WHAT NEEDS TO BE DONE.
Retype word for word the stretch of entries below from the line that has "2 bedroom Apartment" through the line that has "77 E Patterson", and omit the pictures.

***** MATERIALS PROVIDED *****

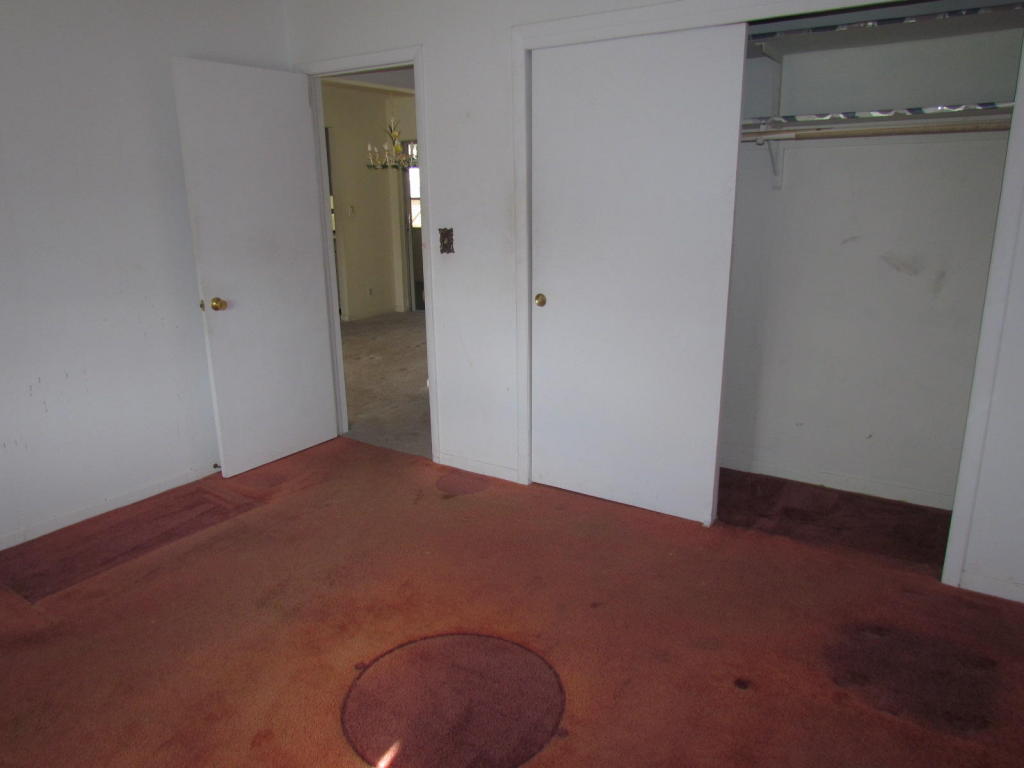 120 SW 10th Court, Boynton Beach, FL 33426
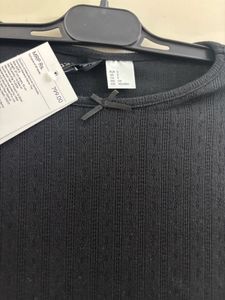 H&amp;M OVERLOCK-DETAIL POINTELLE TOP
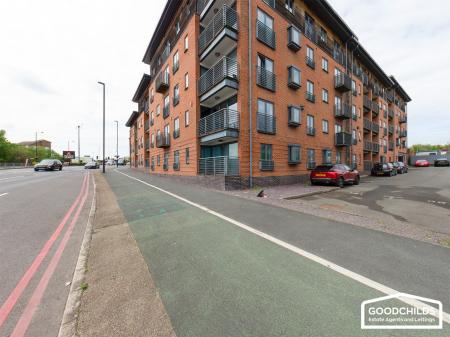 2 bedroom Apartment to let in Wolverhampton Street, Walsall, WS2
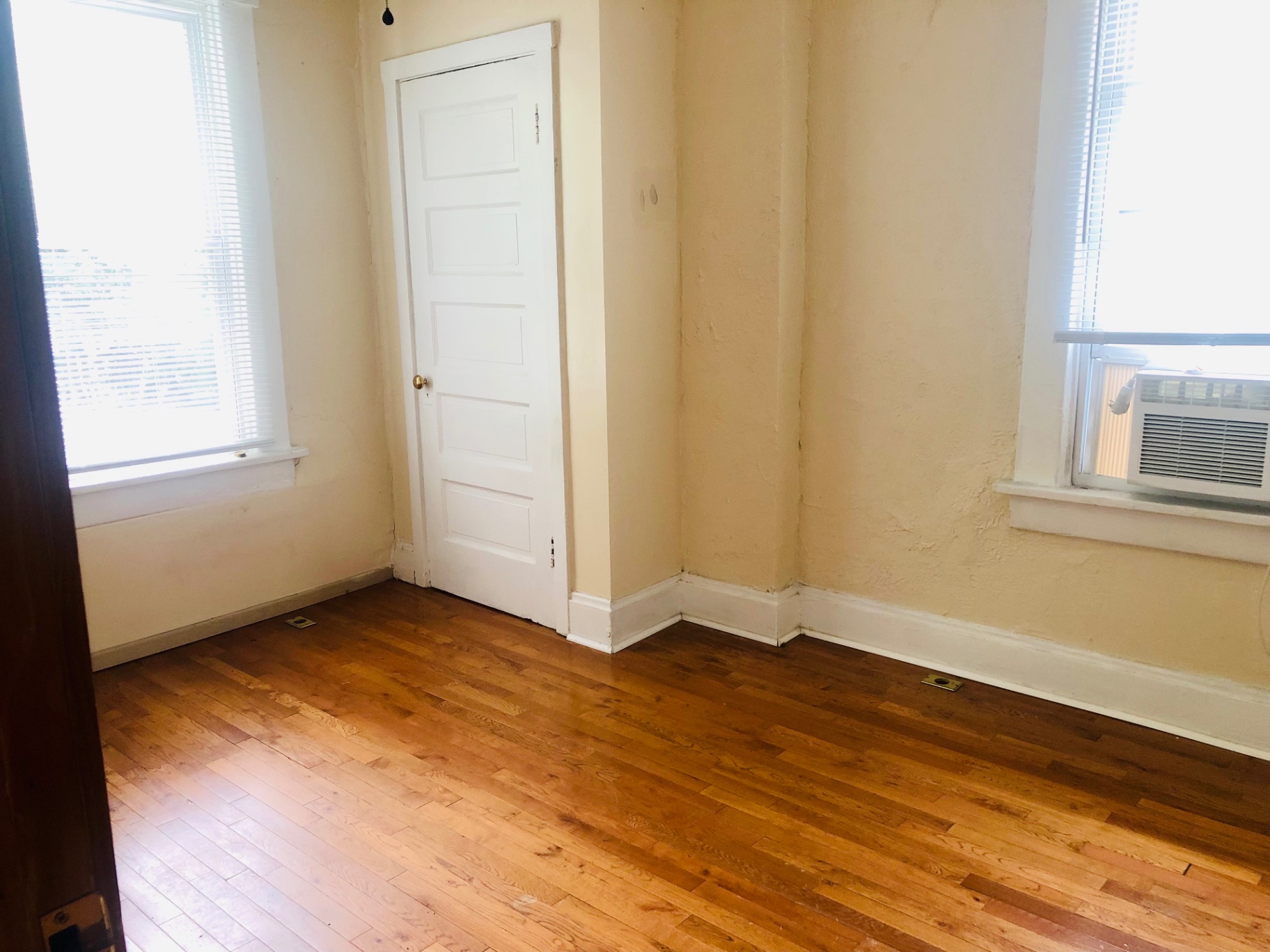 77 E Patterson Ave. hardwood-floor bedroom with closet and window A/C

*****
***** MATERIALS PROVIDED *****

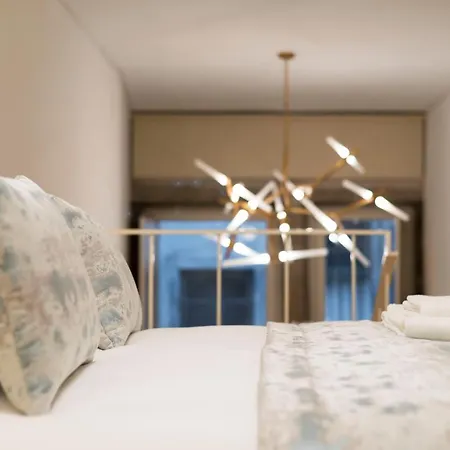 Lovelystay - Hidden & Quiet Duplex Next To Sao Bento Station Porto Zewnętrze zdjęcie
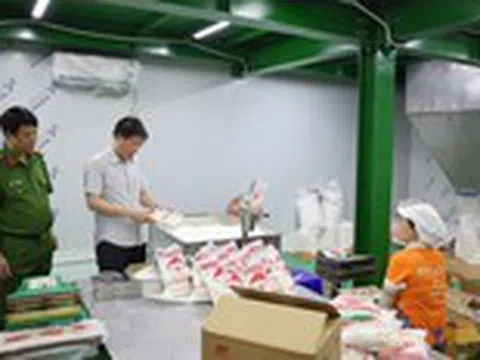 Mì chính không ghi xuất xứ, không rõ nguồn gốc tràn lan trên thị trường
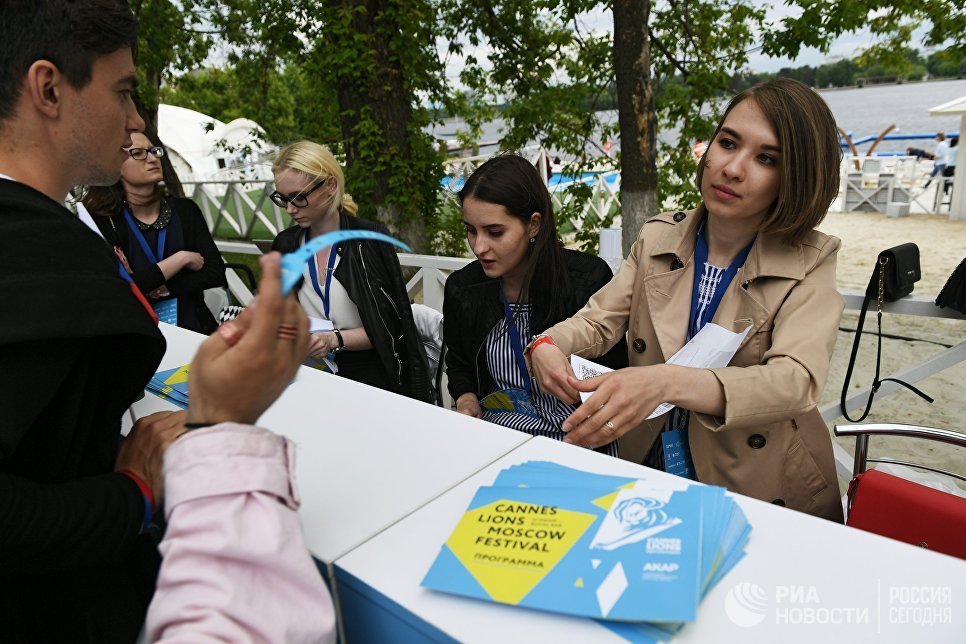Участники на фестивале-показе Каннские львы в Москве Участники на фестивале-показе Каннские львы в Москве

*****

ANSWER AREA.
 2 bedroom Apartment to let in Wolverhampton Street, Walsall, WS2
 77 E Patterson Ave. hardwood-floor bedroom with closet and window A/C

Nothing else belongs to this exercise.